- Born: 15 August 2008 (age 18) Geneva, Switzerland
- Height: 1.73 m (5 ft 8 in)
- Weight: 65 kg (143 lb; 10 st 3 lb)
- Position: Defense
- Shoots: Left
- National team: Switzerland
- Playing career: 2020–present
- Medal record
Olympic Games
| Bronze medal – third place | 2026 Milano Cortina | Team |

= Laure Mériguet =

Swiss ice hockey player (born 2008)

Laure Meriguet (born 15 August 2008) is a Swiss ice hockey player. She is a member of the Switzerland women's national ice hockey team that participated in women's ice hockey tournament at the 2026 Winter Olympics.
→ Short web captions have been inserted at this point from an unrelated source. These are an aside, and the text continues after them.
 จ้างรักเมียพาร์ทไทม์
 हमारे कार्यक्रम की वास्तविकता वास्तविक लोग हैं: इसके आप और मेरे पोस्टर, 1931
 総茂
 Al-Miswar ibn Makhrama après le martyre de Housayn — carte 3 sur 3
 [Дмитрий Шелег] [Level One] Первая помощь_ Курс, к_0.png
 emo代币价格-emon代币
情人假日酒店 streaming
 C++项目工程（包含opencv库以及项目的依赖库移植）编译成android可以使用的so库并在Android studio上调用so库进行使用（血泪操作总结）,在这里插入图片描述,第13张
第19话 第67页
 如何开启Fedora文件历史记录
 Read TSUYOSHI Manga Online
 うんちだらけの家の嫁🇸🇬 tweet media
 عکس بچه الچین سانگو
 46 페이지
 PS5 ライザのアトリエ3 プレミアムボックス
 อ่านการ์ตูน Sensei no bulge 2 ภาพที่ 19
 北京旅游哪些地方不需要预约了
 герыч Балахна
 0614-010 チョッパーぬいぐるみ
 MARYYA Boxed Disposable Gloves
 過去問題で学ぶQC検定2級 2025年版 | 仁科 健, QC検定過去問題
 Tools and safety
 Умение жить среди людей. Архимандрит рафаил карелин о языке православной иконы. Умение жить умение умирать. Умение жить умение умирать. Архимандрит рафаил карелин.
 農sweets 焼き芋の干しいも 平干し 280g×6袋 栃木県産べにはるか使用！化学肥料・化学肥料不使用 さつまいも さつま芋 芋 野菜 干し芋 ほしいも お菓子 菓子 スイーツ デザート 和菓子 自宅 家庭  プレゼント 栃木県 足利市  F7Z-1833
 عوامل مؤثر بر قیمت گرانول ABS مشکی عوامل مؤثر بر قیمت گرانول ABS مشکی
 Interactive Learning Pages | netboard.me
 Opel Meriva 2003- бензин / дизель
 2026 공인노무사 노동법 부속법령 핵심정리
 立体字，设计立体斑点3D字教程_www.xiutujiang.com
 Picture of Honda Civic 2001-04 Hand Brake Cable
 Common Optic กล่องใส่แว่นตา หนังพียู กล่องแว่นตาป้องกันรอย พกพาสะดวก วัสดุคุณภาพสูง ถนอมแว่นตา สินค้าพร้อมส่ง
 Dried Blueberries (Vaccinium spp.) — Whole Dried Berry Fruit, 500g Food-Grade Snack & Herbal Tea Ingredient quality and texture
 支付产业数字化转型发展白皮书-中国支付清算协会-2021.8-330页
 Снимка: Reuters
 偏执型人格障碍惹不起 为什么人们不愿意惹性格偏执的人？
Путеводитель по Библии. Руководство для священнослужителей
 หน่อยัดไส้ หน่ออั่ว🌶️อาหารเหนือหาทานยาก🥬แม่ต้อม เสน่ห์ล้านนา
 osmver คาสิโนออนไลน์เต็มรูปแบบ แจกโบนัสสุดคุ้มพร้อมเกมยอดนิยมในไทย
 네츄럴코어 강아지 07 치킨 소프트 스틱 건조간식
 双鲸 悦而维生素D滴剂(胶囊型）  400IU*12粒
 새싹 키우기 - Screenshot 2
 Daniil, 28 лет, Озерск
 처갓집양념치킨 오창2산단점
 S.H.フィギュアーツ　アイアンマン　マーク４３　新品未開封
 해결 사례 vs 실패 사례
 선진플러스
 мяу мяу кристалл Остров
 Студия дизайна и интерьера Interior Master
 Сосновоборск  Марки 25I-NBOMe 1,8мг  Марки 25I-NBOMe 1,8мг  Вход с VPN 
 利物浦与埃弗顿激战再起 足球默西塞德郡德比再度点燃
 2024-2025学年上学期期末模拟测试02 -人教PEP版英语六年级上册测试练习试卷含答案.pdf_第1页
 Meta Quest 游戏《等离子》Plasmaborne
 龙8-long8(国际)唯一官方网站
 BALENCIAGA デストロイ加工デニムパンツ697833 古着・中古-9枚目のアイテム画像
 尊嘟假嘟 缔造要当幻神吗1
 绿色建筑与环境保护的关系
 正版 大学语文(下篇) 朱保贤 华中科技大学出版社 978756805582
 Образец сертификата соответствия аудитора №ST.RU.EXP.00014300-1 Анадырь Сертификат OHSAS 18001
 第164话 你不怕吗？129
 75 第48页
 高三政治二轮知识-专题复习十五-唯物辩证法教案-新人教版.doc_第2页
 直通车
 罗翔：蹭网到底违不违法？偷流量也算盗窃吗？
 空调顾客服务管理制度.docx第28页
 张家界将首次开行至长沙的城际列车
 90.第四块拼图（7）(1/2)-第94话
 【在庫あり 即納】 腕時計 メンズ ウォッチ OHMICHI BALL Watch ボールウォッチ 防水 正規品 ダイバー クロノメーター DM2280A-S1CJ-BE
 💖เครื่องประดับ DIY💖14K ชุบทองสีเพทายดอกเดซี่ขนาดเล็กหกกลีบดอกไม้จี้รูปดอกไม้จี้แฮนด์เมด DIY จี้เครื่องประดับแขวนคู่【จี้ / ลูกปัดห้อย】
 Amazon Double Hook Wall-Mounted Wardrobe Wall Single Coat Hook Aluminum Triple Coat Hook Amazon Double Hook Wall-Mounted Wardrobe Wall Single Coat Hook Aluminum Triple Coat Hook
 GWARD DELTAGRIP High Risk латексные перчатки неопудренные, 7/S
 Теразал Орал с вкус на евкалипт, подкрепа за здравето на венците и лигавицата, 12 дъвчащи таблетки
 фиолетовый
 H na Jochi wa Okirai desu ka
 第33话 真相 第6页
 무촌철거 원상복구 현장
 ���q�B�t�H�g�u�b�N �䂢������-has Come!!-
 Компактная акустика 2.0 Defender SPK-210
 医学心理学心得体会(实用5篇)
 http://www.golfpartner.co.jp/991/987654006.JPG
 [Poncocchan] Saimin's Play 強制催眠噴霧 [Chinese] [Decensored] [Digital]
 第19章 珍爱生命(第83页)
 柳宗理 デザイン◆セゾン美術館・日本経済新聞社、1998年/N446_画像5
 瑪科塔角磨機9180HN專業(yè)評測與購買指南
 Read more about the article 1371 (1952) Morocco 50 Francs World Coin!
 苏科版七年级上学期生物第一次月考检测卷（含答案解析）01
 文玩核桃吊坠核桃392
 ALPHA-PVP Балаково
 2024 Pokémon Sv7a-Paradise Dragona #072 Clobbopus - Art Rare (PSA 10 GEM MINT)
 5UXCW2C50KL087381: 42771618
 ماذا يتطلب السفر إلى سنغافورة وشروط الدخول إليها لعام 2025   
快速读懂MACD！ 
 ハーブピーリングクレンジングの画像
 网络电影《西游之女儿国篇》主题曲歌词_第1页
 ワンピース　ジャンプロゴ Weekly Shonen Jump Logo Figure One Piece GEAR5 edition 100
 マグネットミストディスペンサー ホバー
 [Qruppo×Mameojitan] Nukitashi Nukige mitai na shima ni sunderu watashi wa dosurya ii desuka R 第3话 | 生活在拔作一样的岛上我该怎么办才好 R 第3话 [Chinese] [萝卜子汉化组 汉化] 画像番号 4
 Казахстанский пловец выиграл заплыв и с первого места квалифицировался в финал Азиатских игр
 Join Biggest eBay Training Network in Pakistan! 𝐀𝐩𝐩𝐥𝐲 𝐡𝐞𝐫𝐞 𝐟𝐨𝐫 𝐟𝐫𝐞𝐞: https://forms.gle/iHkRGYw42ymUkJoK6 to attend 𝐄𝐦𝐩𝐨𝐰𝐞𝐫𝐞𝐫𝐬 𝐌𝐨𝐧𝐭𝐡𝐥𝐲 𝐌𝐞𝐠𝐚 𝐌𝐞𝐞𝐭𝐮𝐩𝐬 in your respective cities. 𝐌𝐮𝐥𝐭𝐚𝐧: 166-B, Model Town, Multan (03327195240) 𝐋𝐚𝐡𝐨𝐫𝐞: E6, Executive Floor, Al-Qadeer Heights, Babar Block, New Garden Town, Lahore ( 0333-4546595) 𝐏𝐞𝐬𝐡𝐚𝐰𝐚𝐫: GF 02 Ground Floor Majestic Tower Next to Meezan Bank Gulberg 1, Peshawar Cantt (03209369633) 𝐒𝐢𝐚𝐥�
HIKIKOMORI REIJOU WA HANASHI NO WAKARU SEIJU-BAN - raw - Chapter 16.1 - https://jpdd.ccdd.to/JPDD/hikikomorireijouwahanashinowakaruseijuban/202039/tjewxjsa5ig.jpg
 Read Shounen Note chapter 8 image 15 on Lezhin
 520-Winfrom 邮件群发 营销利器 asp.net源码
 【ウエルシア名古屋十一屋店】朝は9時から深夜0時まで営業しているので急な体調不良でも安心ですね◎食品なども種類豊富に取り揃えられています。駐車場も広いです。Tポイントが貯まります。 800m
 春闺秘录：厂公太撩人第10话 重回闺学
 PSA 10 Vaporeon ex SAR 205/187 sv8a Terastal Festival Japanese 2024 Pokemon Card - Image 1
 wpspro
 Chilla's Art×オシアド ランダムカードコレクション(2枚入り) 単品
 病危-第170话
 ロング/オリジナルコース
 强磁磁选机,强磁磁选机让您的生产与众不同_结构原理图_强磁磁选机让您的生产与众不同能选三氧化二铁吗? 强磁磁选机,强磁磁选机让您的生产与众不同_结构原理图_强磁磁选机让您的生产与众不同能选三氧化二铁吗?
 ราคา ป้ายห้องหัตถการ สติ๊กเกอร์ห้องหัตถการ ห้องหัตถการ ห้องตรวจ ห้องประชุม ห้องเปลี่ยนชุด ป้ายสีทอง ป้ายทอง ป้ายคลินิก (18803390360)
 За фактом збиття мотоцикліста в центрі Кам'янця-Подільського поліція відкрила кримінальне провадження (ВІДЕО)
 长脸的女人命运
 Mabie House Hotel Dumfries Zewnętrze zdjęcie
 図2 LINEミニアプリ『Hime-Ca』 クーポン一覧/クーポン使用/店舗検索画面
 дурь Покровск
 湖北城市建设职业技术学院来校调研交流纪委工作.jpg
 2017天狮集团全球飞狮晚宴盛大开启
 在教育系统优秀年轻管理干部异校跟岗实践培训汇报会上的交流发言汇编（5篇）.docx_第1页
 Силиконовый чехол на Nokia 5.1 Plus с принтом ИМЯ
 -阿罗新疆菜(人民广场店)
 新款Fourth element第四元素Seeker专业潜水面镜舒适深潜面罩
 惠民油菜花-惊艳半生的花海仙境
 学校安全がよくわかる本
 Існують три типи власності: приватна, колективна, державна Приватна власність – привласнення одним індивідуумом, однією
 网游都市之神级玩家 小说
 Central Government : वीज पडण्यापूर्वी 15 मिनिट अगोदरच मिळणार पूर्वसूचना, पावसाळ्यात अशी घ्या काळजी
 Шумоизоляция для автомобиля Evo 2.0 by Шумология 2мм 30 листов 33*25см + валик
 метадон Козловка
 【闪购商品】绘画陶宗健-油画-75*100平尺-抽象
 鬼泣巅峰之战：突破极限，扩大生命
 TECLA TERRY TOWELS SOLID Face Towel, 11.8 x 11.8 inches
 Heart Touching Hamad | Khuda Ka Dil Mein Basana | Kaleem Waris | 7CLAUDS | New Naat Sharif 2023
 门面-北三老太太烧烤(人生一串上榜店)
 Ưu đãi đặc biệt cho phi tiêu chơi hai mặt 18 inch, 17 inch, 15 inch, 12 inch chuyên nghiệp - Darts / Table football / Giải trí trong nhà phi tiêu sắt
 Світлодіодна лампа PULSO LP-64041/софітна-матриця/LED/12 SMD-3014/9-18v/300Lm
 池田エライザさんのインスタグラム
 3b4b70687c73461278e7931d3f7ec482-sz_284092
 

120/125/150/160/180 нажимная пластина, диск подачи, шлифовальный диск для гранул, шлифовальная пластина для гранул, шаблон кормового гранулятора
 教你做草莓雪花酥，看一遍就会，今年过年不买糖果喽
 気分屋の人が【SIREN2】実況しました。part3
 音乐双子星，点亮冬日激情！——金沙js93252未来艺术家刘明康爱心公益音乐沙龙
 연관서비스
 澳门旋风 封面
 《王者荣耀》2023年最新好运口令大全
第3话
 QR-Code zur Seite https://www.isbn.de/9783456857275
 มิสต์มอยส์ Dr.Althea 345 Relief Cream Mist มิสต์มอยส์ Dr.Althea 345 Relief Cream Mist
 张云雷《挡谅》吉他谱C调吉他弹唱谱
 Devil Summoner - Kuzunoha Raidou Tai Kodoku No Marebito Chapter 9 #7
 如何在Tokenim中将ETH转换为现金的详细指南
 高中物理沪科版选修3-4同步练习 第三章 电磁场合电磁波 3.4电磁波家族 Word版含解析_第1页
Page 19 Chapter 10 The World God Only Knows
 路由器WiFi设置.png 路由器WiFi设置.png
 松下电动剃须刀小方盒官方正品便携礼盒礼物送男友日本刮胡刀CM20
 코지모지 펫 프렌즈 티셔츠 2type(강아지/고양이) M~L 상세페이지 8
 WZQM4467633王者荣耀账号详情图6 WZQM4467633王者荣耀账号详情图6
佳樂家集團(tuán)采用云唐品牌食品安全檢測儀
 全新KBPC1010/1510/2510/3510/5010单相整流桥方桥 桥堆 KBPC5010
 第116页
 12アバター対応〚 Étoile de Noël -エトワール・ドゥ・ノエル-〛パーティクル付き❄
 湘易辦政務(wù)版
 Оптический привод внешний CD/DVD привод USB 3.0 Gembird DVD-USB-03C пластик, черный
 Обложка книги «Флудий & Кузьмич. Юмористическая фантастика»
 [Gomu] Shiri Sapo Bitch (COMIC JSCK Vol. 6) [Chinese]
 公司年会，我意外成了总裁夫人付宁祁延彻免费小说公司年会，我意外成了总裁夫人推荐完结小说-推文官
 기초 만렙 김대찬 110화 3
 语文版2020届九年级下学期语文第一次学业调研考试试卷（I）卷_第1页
She was one of 17 teenagers that played in women's ice hockey at the 2026 Winter Olympics.

==International play==
At the 2026 IIHF U18 Women's World Championship, Meriguet was the only competing player with senior Women's Worlds experience. She has appeared in four IIHF Under-18 Women's Worlds tournaments, debuting at the 2023 event at the age of 14.

Following it up with an appearance at the 2026 Olympics, Meriguet made her Olympic debut on 6 February. In a 4–3 shootout win versus Czechia, Meriguet, wearing number 15, logged 9:34 of ice time.